▶ _Aim of the exercise_
In the listing below, start your output at the line with "Kirsty Mitchell 幻想下的仙境" and end it after the line with "Compatible 65W HP", copying every line exactly.

▶ _Provided data_
· · ·
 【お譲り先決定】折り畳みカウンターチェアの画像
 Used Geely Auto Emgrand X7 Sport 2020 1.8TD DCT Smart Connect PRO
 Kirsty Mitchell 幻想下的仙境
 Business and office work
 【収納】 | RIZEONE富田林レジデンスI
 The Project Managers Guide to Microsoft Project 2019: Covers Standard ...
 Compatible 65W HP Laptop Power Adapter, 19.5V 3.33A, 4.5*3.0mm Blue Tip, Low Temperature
· · ·
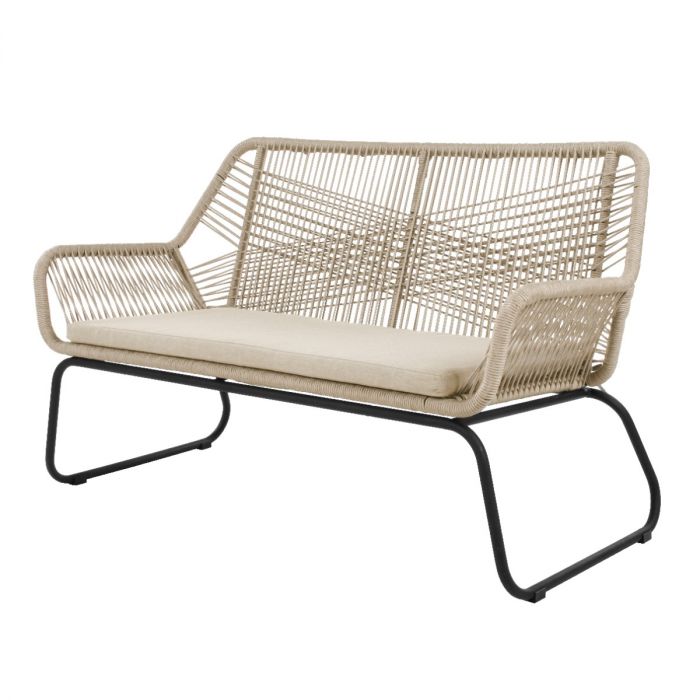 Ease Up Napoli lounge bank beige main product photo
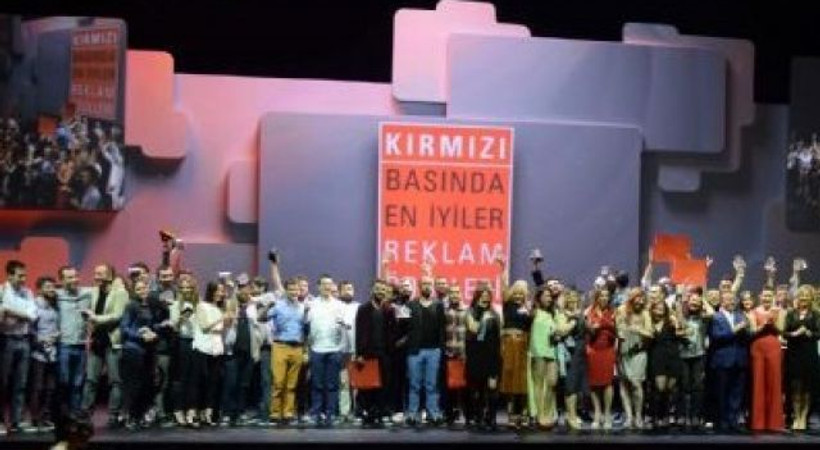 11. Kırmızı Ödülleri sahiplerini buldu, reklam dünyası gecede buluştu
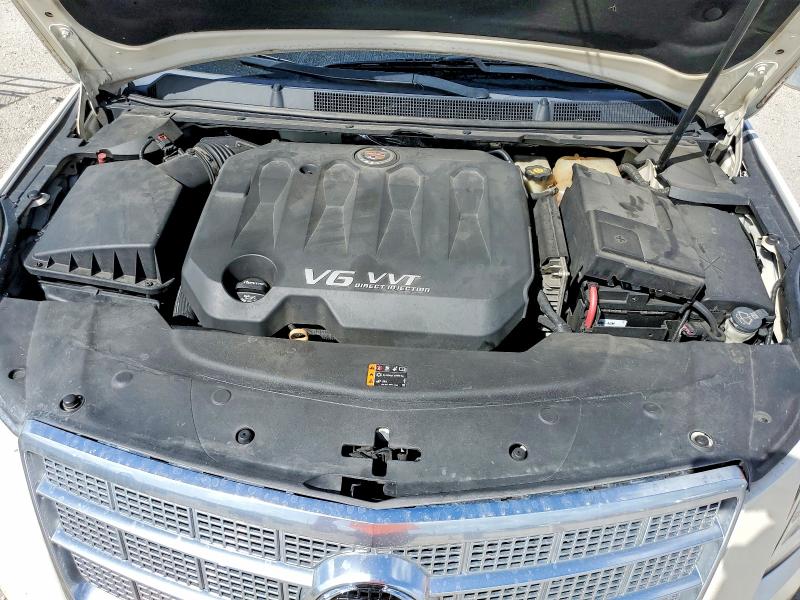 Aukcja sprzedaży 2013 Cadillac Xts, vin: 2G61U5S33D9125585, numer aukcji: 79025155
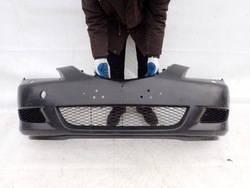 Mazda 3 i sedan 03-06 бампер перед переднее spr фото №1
· · ·
▶ _Output for this task_
 Kirsty Mitchell 幻想下的仙境
 Business and office work
 【収納】 | RIZEONE富田林レジデンスI
 The Project Managers Guide to Microsoft Project 2019: Covers Standard ...
 Compatible 65W HP Laptop Power Adapter, 19.5V 3.33A, 4.5*3.0mm Blue Tip, Low Temperature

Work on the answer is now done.